Monday, October 26, 2020

Reordering Deployments in Database DevOps

We recently received an interesting question in our Redgate forums from Peter Daniels about altering the order of deployments in database DevOps. The question includes the following scenario:

  1. Developer A makes changes – feature 1.  This set of changes makes its way into the dev integration environment.
  2. Developer B makes changes – feature 2.  This set of changes makes its way into the dev integration environment, too – after feature 1.
  3. We decide that we want feature 2 to go to prod, but NOT feature 1.

For the sake of simplicity, Peter mentions that for this example, “we know that feature 2 is schema-isolated and does NOT depend on feature 1.”

Peter is primarily asking about Git branching workflows in his question. In my opinion, branching workflows are only one of several strategies that may help regarding this situation, so I’m going to zoom out a little bit and consider branching in the context of other practices that can help.

Essentially, I believe some alternative strategies flow more easily long term and support a simpler branching strategy than you might arrive at by thinking about this problem only through the lens of branching workflows.

A quick overview

In this post I’ll cover four big picture strategies that may help, then dig into some technical details for managing this in SQL Change Automation (the tool our question is about). All strategies listed may be used individually or combined with one another.

Strategy 1: The Expand/Contract model (“Parallel Change”)

Strategy 2: Flexible database provisioning / integration and QA databases on demand

Strategy 3: A Hybrid state-and-migrations solution to versioning database changes

Strategy 4: Managing environment-specific branches

A Tool-Specific Example – Redgate’s SQL Change Automation

Conclusions

Strategy 1: The Expand/Contract model (“Parallel Change”)

One useful strategy in authoring database changes is to use a design pattern that focuses on always writing backwards compatible changes. This model known by a few names:

  • Expand / Contract – the approach was popularized under this name in Evolutionary Database Design by Pramod Sadalage and Martin Fowler
  • Parallel Change – Danilo Sato and others have written about the model under this name
  • The “N-1 model”

With this design pattern, database deployments include small changes which are designed to not impact the applications using the database. This is the “expand” phase.

When features enabled by the change are ready to go live, a feature flag / application toggle, or application deployment is done to make new functionality visible to users of the database. This is the “cutover” phase. If there’s a need to undo the change, then this is done by disabling the feature flag or reversing the application deployment — but leaving the data structures in place. 

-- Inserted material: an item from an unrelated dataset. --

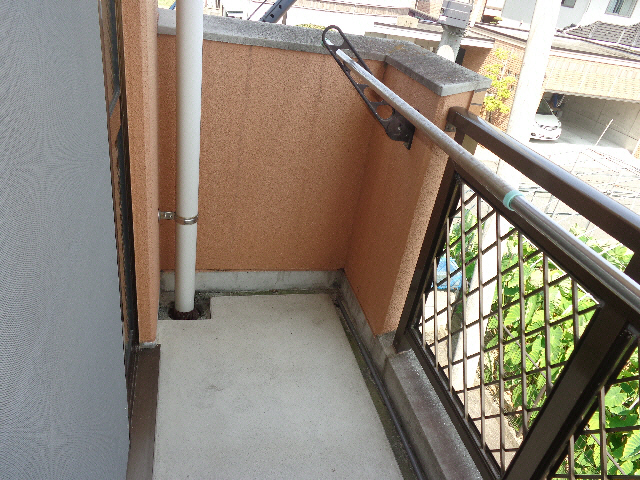 バルコニー　ベランダ・バルコニー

Finally, after enough time has elapsed to be confident that the new functionality is working well, older structures that are no longer needed may be cleaned up. This is the “contract” phase.

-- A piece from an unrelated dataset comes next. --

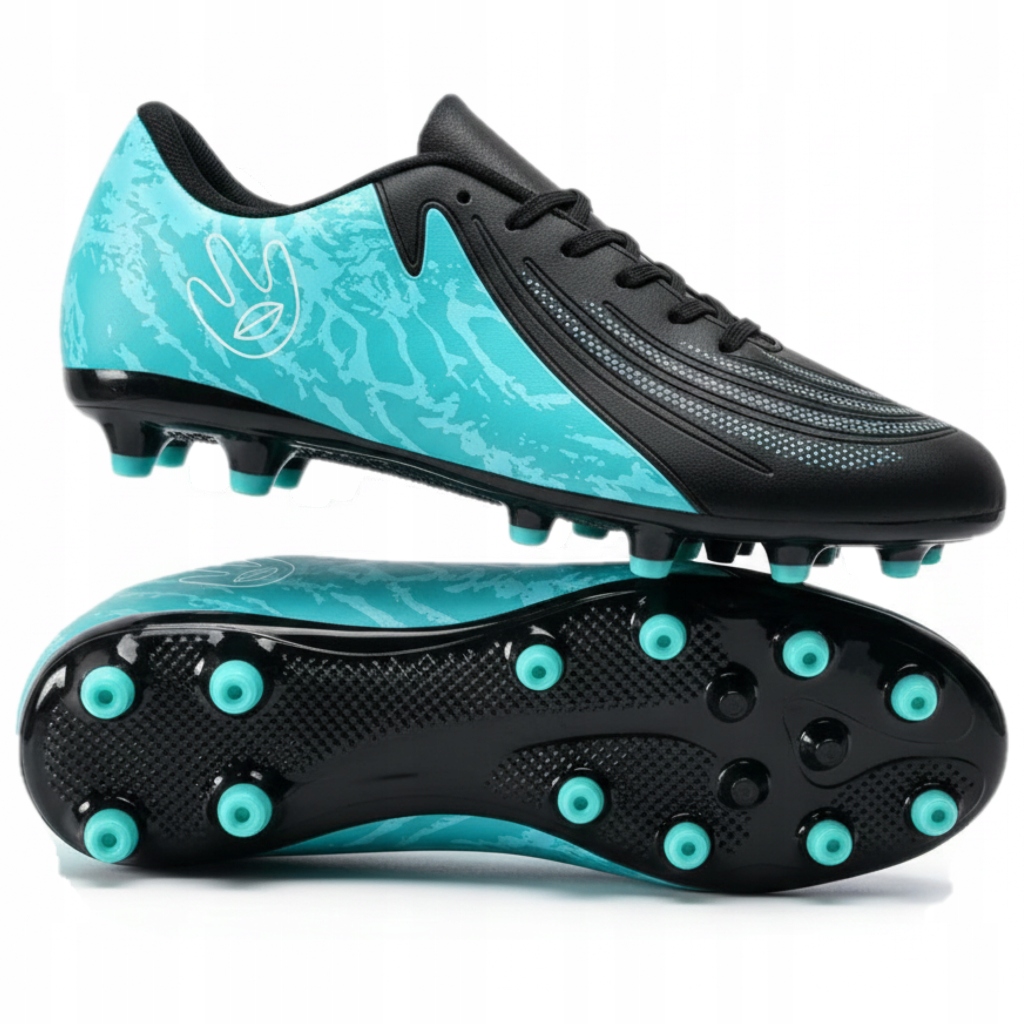 Korki Buty piłkarskie Aqua Shadow dla dzieci R.45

This pattern tends to work best for teams who are able to deploy frequent sets of small changes to their databases using Agile methodologies.

The Expand/Contract model has multiple benefits, as it:

  1. Simplifies the problem of re-ordering planned deployments. In the scenario above, if the database changes for feature 1 are backwards compatible changes which will not be noticeable to customers, we may decide to go ahead and let the changes for feature 1 flow through the pipelines and be deployed. This is because the changes are safe to deploy, even if we don’t plan to light up that functionality for some time.
  2. Simplifies the problem of rollbacksSee this related post for more information on that topic.
  3. Makes database deployments ‘boring’: An important goal of a DevOps process is to have utterly boring, unremarkable deployments. You want to save the excitement for when you “release” functionality to your users, and have a way to control that “release” so that it’s simple to undo the release when something goes wrong. The Expand/Contract model helps you separate database deployments (the Expand and Contract phases) from “releases” (the transition of a feature from off to on). 

The more skilled your team becomes at using the Expand/Contract pattern, the less often you are likely to need to “pull” a deployment from the planned queue.

Expand/Contract (Parallel Change)
Pros Cons
Does not require purchase of a specific technology Requires building skills to deploy small “slices” of changes
Works for teams of all sizes and any database platform Works best when you deploy frequently, which not all teams can do
Combines easily with other strategies listed in this article  

Strategy 2: Flexible database provisioning / integration and QA databases on demand

Another strategy that helps with this problem is the ability to quickly and easily re-provision the environments involved in your database DevOps pipelines.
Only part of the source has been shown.